Adoraba mi alfombra de oración. Aunque no fuera de primera calidad, a mis ojos brillaba con luz propia. Lamento haberla perdido. Dondequiera que la extendiese, sentí un cariño especial hacia el suelo que cubría y sus alrededores, y eso indica que era una buena alfombra de oración dado que me ayudaba a recordar que la tierra es la creación de Dios e igual de sagrada en todo el mundo. El estampado, líneas doradas sobre un fondo rojo, era sencillo: a un extremo había un rectángulo delgado acabado en una punta triangular para indicar la quibla, la dirección de oración. Alrededor de la punta flotaban unas volutas, como espirales de humo o acentos de un lenguaje extraño. Era suave. Cuando rezaba, las borlas sin trenzar me quedaban a pocos centímetros de la cabeza a un extremo y al otro, a pocos centímetros de la punta de los dedos. El tamaño era perfecto para que me sintiera a gusto en cualquier rincón de esta inmensa tierra.

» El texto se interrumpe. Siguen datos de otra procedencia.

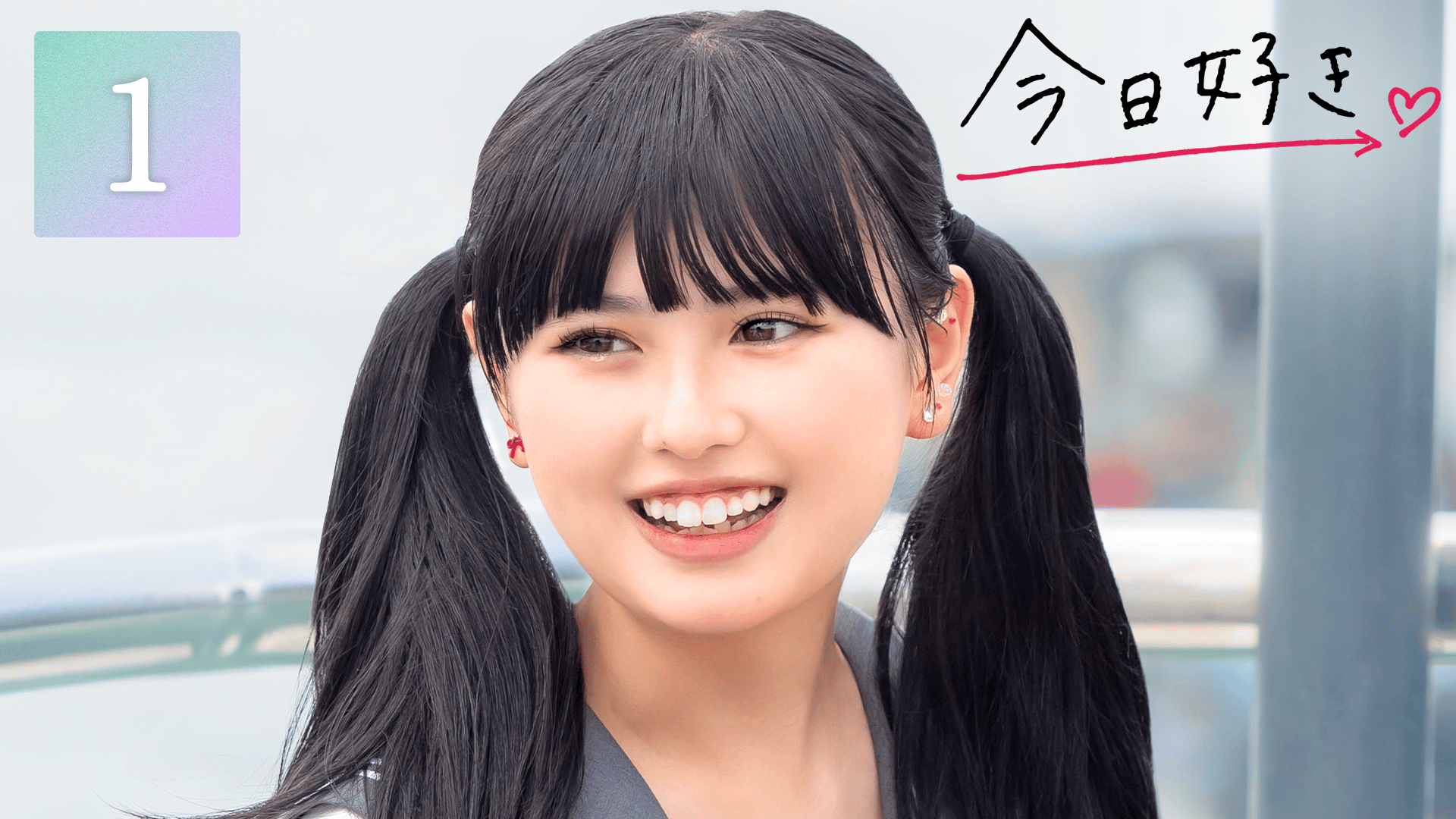 thumb002.png?height=720&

Rezaba fuera porque me gustaba. Solía extender la alfombra en una esquina del jardín trasero. Era un lugar apartado a la sombra de un pompón haitiano, al lado de un muro cubierto de una buganvilla. En lo alto del muro había una fila de poinsettias en macetas. La buganvilla había trepado hasta el árbol. El contraste entre las brácteas púrpuras y las flores rojas del árbol era muy bonito. Y cada vez que estaba en flor, el árbol se llenaba de cuervos, minas, tordos, estorninos rosados, nectarinas y pericos. El muro me quedaba a la derecha, formando un ángulo abierto. Justo delante y un poco a la izquierda, un poco más allá de la sombra lechosa y moteada del árbol, veía el resto del jardín a plena luz del sol. El jardín se transformaba, por supuesto, según el tiempo, la hora y la época del año. Pero todavía lo recuerdo perfectamente, como si nunca hubiera cambiado. Me orientaba hacia La Meca, señalada con una línea que había marcado en la tierra amarilla y que procuraba dejar siempre visible.
Cuando terminaba mis oraciones, a veces me volvía y veía a mi padre, a mi madre o a Ravi observándome, hasta que finalmente se acostumbraron.
El bautizo fue una ocasión un poco delicada. Mi madre se portó de maravilla, mi padre miró la ceremonia con impavidez y Ravi, gracias a Dios, no pudo venir porque tenía un partido de criquet. Aun así, no me libré de sus comentarios al respecto. El agua bendita me corrió por el rostro hasta el cuello y aunque sólo me echaron una tacita, tuvo el mismo efecto refrescante que una lluvia monzónica.